那麼,“巴”是什麼東西的拼接、相合呢?隻能是水道。從各方面情況看,這個水道就是“渝”,也就是今天的嘉陵江。
“巴”通“渝”,都是指支流的相會、相合。(1)渝,yú,本義是水變污,通汙。現在,“渝”的基本含義是改變、違背(始終不渝),實際上“渝”的核心含義是“污”,而“污”的核心含義是“會”,各種髒東西相會在一起也,穢也。正因為“渝”通“會”,所以在地名中跟污穢沒有什麼關系,就是同音假借“會”,表示相會、相合。(2)渝,yú,通“遇”,相當于地名中的餘(餘杭)/于(于都)/榆(榆次)/豫(豫章)/虞(上虞)/禺(番禺)/玉(玉林),表示相合、交彙。(3)“巴”讀音通“渝”,比如:愚,笨也;優,棒也;廋,胖(b/p相通)也;漁,捕也;隅,巴(交叉)也;遇,并也;擁,幫也;癰,疤也;予,撥也;欲,巴望也;喻,報也;育,方言稱“盤”,把孩子育(盤)這麼大不容易。(4)“巴”通“渝”,巴人就是渝水周邊的古族人,而不是什麼身材高大魁梧之人,更不是什麼大蟲子。重慶由此簡稱“渝”,實際上也可以簡稱“巴”。
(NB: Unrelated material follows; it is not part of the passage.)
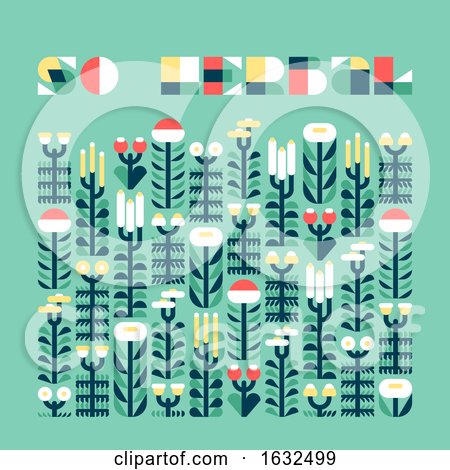 Poster with Wild and Medicinal Herbs in Flat Style by elena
當1189年重慶升府時,除了讨口彩的“慶”,還要找一個能代表當地固有内涵的字,卻一時犯了難。(1)巴,到南宋時早已棄之不用,而且“巴”有巴結、凝固、停滞之意,不合南宋皇帝的小心髒;(2)渝,本來是最合适的選擇,但中間出了個岔子。北宋早期,重慶一直沿用渝州的稱謂,一直到崇甯元年(1102年),渝州籍國子博士趙谂出語狂悖,謀反被誅,宋統治者認為“渝”有變化、謀化之義,寓意不祥,遂将渝州改為恭州。現在重慶升府,不可能再找回“渝”字。(3)重慶升府之前,當時稱恭州,但“恭”跟重慶沒有任何關系,隻是皇帝期望巴人恭敬、恭順,千萬不要造反。
想來想去,最好的辦法是将“渝”換一個字,既能表達“巴”“渝”相會、相合之本義,看上去又比較吉利,“重”(chóng)就是在這種情況下應運而生。